In Little's test of MCAR the data are modeled as multidimensional, multivariate normal with mean 'mu' and covariance matrix 'sigma'. The test statistic is the sum of the squared standardized differences between sub-sample means and the expected population means weighted by the variance-covariance matrix and the number of observations. Under the null hypothesis, the test statistic follows a chi-square distribution with \(\sum k_j - k\) degrees of freedom, where \(k_j\) is the number of complete variables for missing data pattern \(j\), and \(k\) is the total number of variables. A statistically significant result provides evidence against MCAR.
When the normality assumption is not satisfied, the test will work for quantitative random variables but not categorical ones.
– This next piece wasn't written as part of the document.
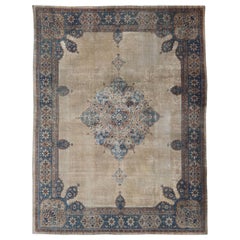Antique Hand Knotted Amritsar Carpet in Taupe, Light Brown and Blue Accent's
Additionally, the test will not specify which variable(s) are not MCAR, and it fails to identify collinearity among variables. Third, the test can neither prove the MCAR assumption nor rule out the hypothesis of MNAR.
Value
a numeric matrix
- statistic
Chi-squared statistic for Little's test
- df
Degrees of freedom used to compute chi-square statistic
- p_value
P-value for the chi-square statistic
- pattern
Unique missing data patterns found
References
Little, R. J. A. (1988). A test of Missing Completely at Random for multivariate data with missing values. Journal of the American Statistical Association, 83, 1198-1202. https://doi.org/10.2307/2290157
code is adapted from Eric Stemmler: https://web.archive.org/web/20201120030409/https://stats-bayes.com/post/2020/08/14/r-function-for-little-s-test-for-data-missing-completely-at-random/
and naniar's mcar_test
.
Examples
set.seed(123)
data <- data.frame(x1 = stats::rnorm(100),x2 = stats::rnorm(100),y = stats::rnorm(100))
data$x1[sample(1:100, 20)] <- NA
data$x2[sample(1:100, 15)] <- NA
data$y[sample(1:100, 10)] <- NA
check.mcar(data,digits = 3)
#> Little's test of MCAR
#> statistic df p.value missing.patterns
#> 1 5.484 9 0.79 7